• WHAT NEEDS TO BE DONE:
Your output consists solely of the lines from the one that contains "image for item" to the end of the material, each reproduced exactly; pictures do not belong in it.

• STUDY MATERIAL:
----

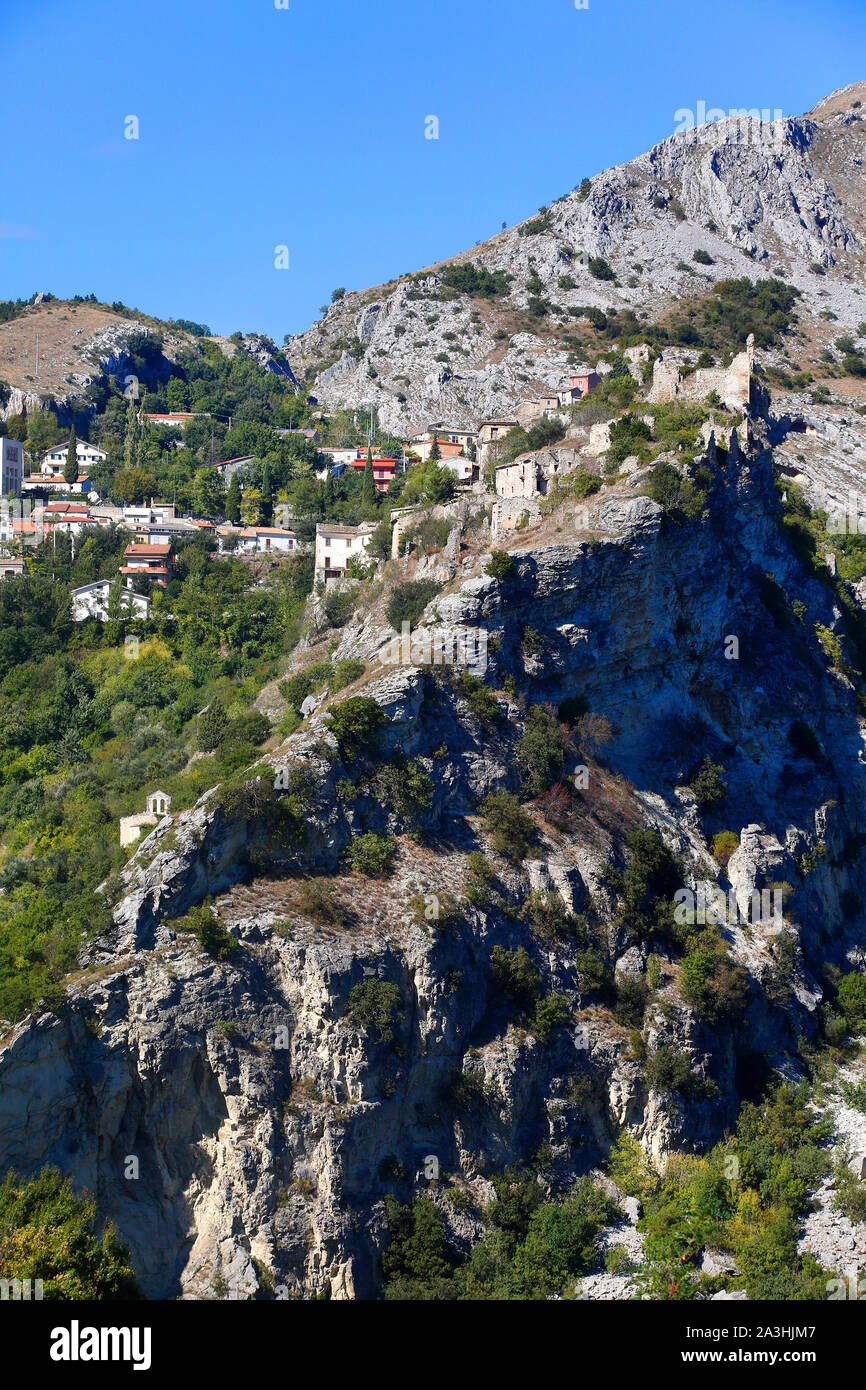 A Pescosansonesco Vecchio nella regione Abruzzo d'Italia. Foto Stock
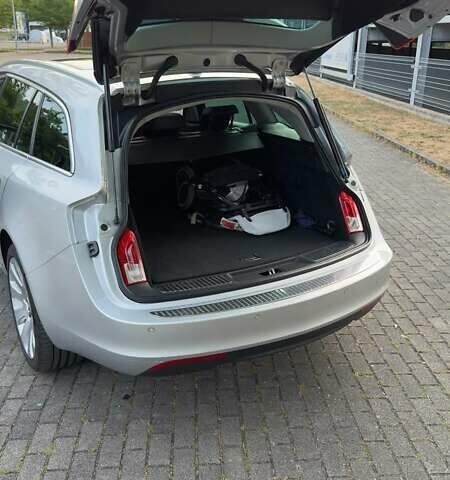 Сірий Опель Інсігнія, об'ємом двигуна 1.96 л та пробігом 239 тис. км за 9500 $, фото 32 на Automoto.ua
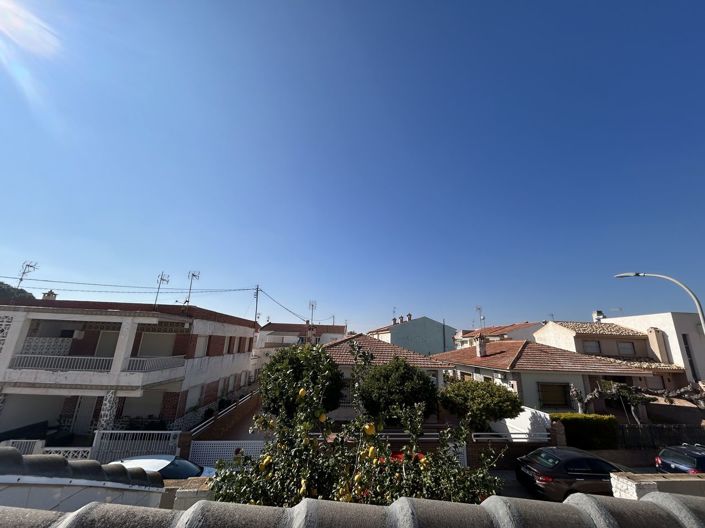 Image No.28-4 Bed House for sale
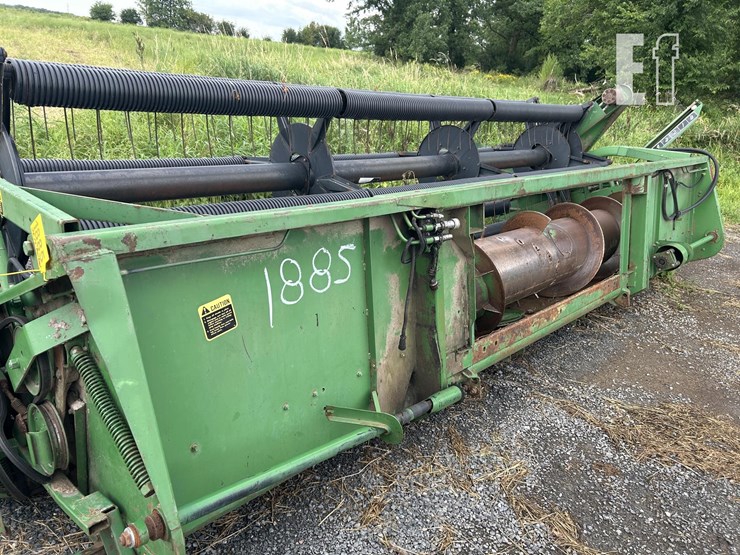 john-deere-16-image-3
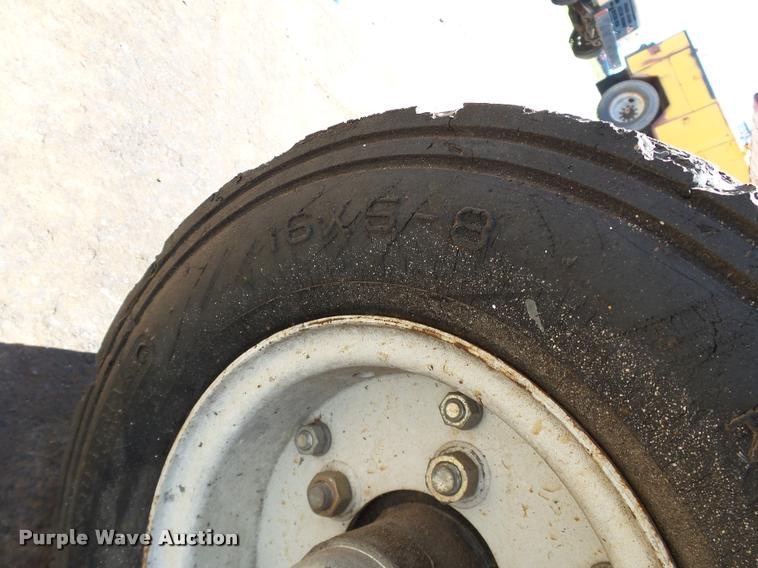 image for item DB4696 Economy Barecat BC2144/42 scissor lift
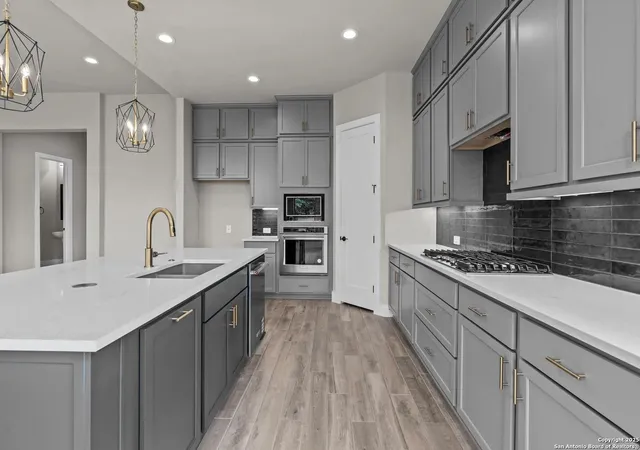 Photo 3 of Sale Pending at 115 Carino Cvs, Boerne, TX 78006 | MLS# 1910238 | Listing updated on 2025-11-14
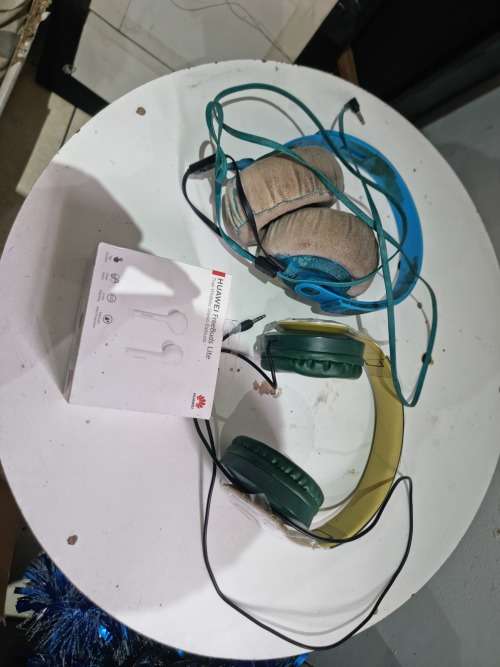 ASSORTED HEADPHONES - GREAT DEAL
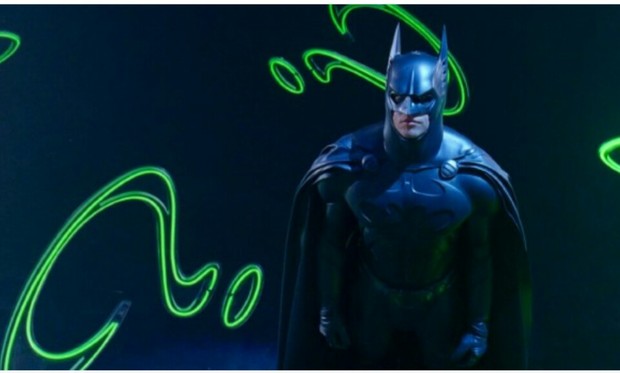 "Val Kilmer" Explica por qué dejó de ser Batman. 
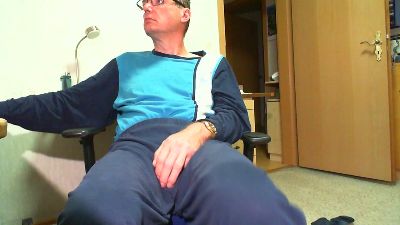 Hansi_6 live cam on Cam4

----

• ANSWER TO THIS PROBLEM:
 image for item DB4696 Economy Barecat BC2144/42 scissor lift
 Photo 3 of Sale Pending at 115 Carino Cvs, Boerne, TX 78006 | MLS# 1910238 | Listing updated on 2025-11-14
 ASSORTED HEADPHONES - GREAT DEAL
 "Val Kilmer" Explica por qué dejó de ser Batman. 
 Hansi_6 live cam on Cam4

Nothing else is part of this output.